His action drove moderate and radical Republicans into an alliance that
brought about congressional Reconstruction of the South. Finally,
Johnson's dismissal of Secretary of War Edwin Stanton in violation of
the Tenure of Office Act convinced even moderates like Colfax that the
president must be impeached. Through all of these dramatic events,
Colfax's most astonishing success was his ability to retain the support
of all sides in his party and to hold House Republicans together. The
party defections that saved Johnson took place in the Senate rather than
the House.
From Speaker to Vice President
As the 1868
presidential election approached, Speaker Colfax believed the nomination
of Ulysses S. Grant to be "resistless." As for himself, he declined to
run either for the Senate or for governor of Indiana, leaving the door
open for the vice-presidential nomination. Colfax insisted that
presiding over the House as Speaker was "the more important office" than
presiding over the Senate as vice president. But the vice-presidency
was the more direct avenue to the presidency. At the convention, his
chief rivals for the second spot were Senate President pro tempore Ben
Wade and Massachusetts Senator Henry Wilson. Colfax polled fourth on the
first ballot and gained steadily with each subsequent ballot. The
temperance forces were delighted that Colfax's headquarters distributed
no liquor, in contrast to Senator Wade, who handed out spirits freely
among the delegates. Among Republicans there was a collective sense that
the abstinent Colfax would balance a ticket with Grant, who had been
known to drink heavily.
Colfax stayed in
Washington while the Republican convention met in Chicago. His good
friend, William Orton, head of the Western Union Telegraph Company,
arranged for Colfax to receive dispatches from the convention every ten
minutes. On May 21 Colfax was in the Speaker's Lobby when he received
Orton's telegram announcing his nomination. Cheers broke out, and the
room quickly filled with congressmen wishing to offer congratulations.
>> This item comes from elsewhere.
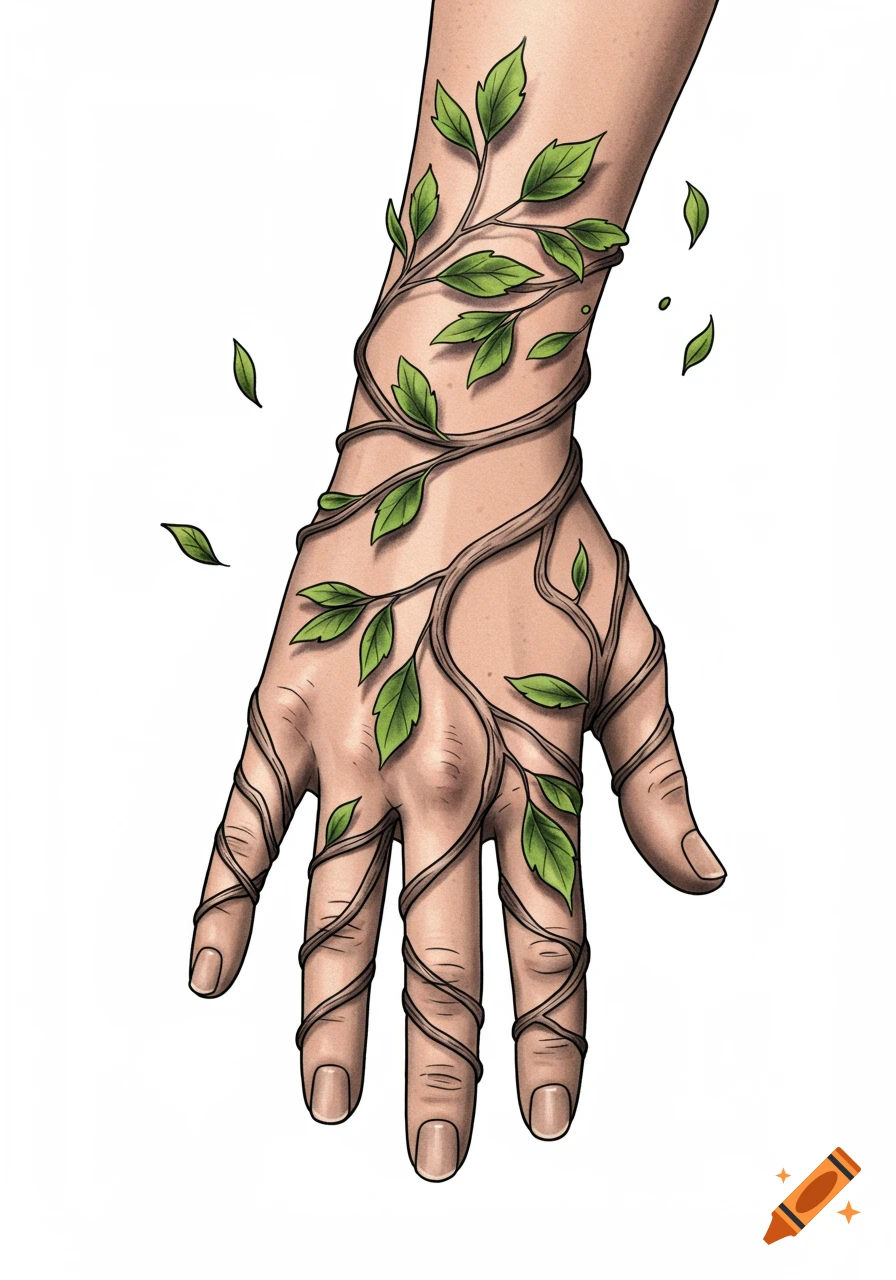 Illustration of a human hand and forearm wrapped in green leafy vines.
As he left the lobby, Colfax was greeted by House staff members, who
"gathered around him in the most affectionate manner and tendered him
their regards." Citizens hailed him as he walked across the Capitol
grounds. On the Senate side, Bluff Ben Wade received the news that he
had been beaten and said, "Well, I guess it will be all right; he
deserves it, and he will be a good presiding officer." The news was
received with seemingly universal applause. "His friends love him
devotedly," wrote one admirer, "and his political adversaries . . .
respect him thoroughly."
For years, Colfax
had addressed Sunday schools and temperance revival meetings, quoting
from the Bible and urging his listeners to a life of virtue. He won
support from the religious magazines as a "Christian Statesman." One
campaign biography praised his "spotless integrity" and declared, "So
pure is his personal character, that the venom of political enmity has
never attempted to fix a stain upon it." Democrats, however, lambasted
Colfax as a bigot for the anti-Catholicism of his Know-Nothing past.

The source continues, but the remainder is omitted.